Eventually, though, the economic tides shifted and the mill shut down. By World War I, only ruins remained. There is no trace of the mill left today.
"I do vaguely remember the mill," says Cecilia Soulsby, 86, a lifelong Tunis Mills resident. "They say it was one of the finest sawmills south of New York."
Back in the 1860s, Mrs. Soulsby's grandfather, Philip Alvatar, came to Tunis Mills as superintendent of the newly opened mill. The house he built, next to the little wooden bridge, is where his granddaughter lives today.
"The sunsets here along the creek are beautiful," says Mrs. Soulsby, who was born on a nearby farm and has lived in the house by the creek since 1936. "It's also a great place to watch birds."
Charles Banning, 86, a retired waterman and carpenter who lives across the creek from Mrs. Soulsby, shares her affection for Tunis Mills. "I was born right here in this village, and I've never been away except when I was in the Army," he says with quiet pride. "I started workin' on the water when I was 14. I've still got a rowboat, and I still enjoy goin' out there now and then."
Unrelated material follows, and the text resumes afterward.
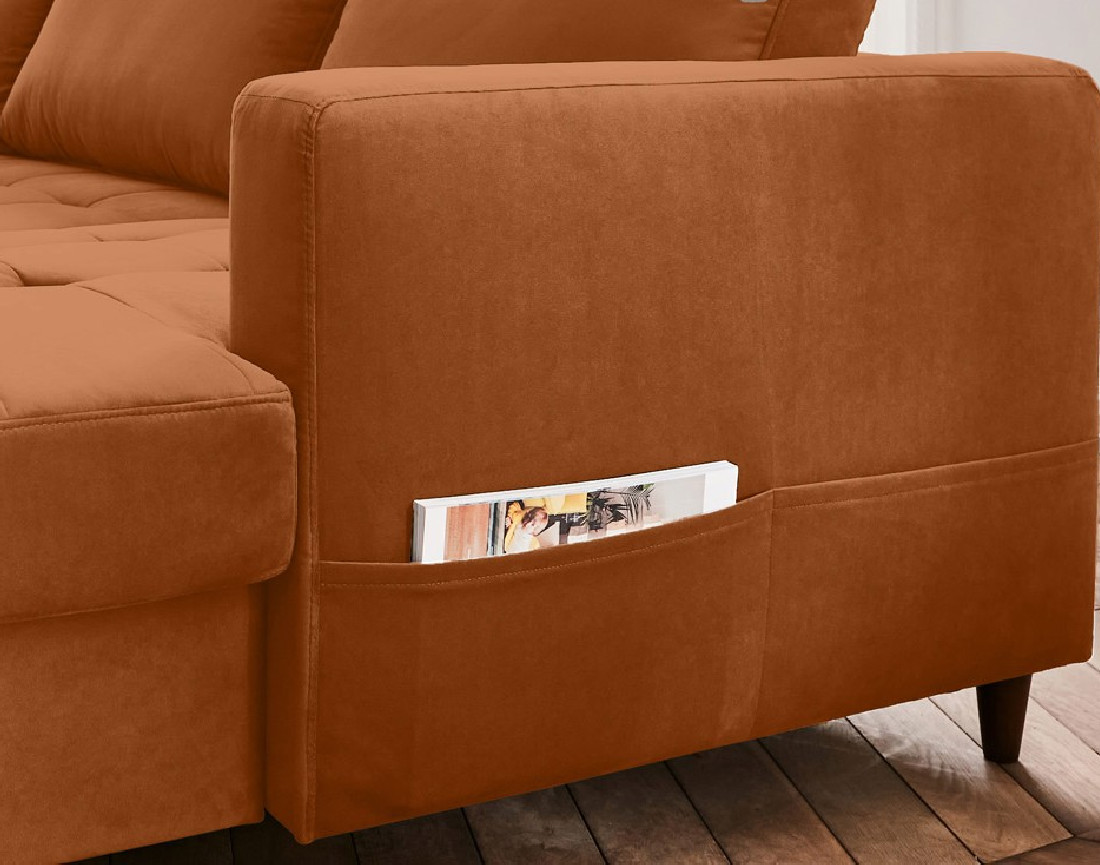 Canapé panoramique d'angle gauche 7 places convertible avec coffre en velours Anna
Lifelong denizens like Mrs. Soulsby and Mr. Banning are, of course, anchored to Tunis Mills by family ties and convenience. Yet those who grew up here also share indelible memories. They speak nostalgically of the old mill, and of oddities like the Pink Castle. This nearby estate was purchased during Prohibition by a wealthy Pittsburgh man and his showgirl wife. They caused quite a stir with their chauffeured Duesenberg and their alleged bootlegging activities.
Yet the older residents' most cherished memories are often more mundane: ice-skating by moonlight on the creek, or taking boats across the Miles River to nearby St. Michaels to do their grocery shopping.
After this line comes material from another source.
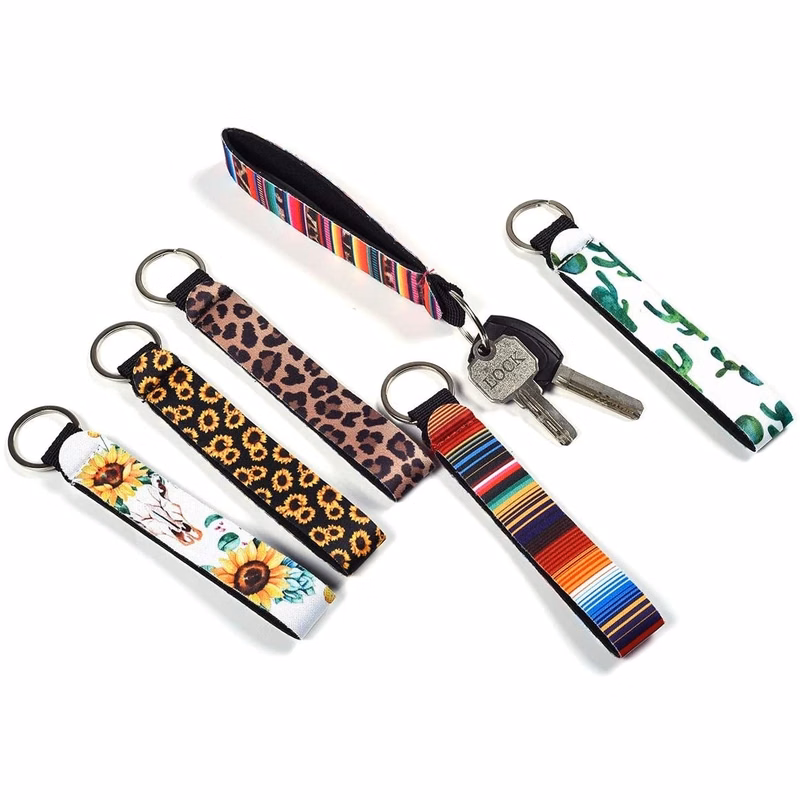 Full Color Custom Wrist Strap Keychain Neoprene Wristlet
"This was really a wonderful place to grow up," says Mary Jane Mielke, whose family goes back five generations in Tunis Mills. She and her husband, Gus, live in a house they built in 1953.
"I'll never forget this farmer up the road who had lots of children and loved children," Mrs. Mielke says. "One morning it snowed, and he came up with this sleigh with bells on it and everything. He tucked all us kids under a plaid blanket and drove us all around. It was the most wonderful thing!"
Adds Mrs. Mielke's son, David, 42: "Even when I was a kid, it was still wild enough here that you could grab a gun and go out in the bushes. Most of us boys had boats and you could swim right off the [Leeds Creek] bridge, until the water got too dirty in the '70s."
Despite the rural peacefulness of Tunis Mills typified by the swans and geese that live under the bridge and the dogs that occasionally sleep in the streets, there is mild unease among Tunis Mills' permanent residents. Every year they see more and more family homes converted into summer-vacation houses that stand empty much of the year.
"It used to be the watermen who lived along the water," says Gus Mielke. "Nowadays, the few of them that are left can't afford it. It seems like these new people move here because they like Tunis Mills the way it is, but as soon as they get here they start trying to change it."
But there are limits to what can be changed. Nearly 14,000 acres surrounding Tunis Mills have been permanently protected through private land donations to organizations such as the Eastern Shore Land Conservancy and the Maryland Environmental Trust's Rural Historic Village Protection Program.
Though change is inevitable as increased development puts pressure on all of the Eastern Shore's remaining open spaces, folks around Tunis Mills acknowledge that, at least for the time being, they've got a good thing.
"My daughter lives up in Cecil County, and I go up to visit her sometimes," says Charles Banning. "It's nice up there, but there's just too much traffic for me. I just can't wait to get back home to Tunis Mills."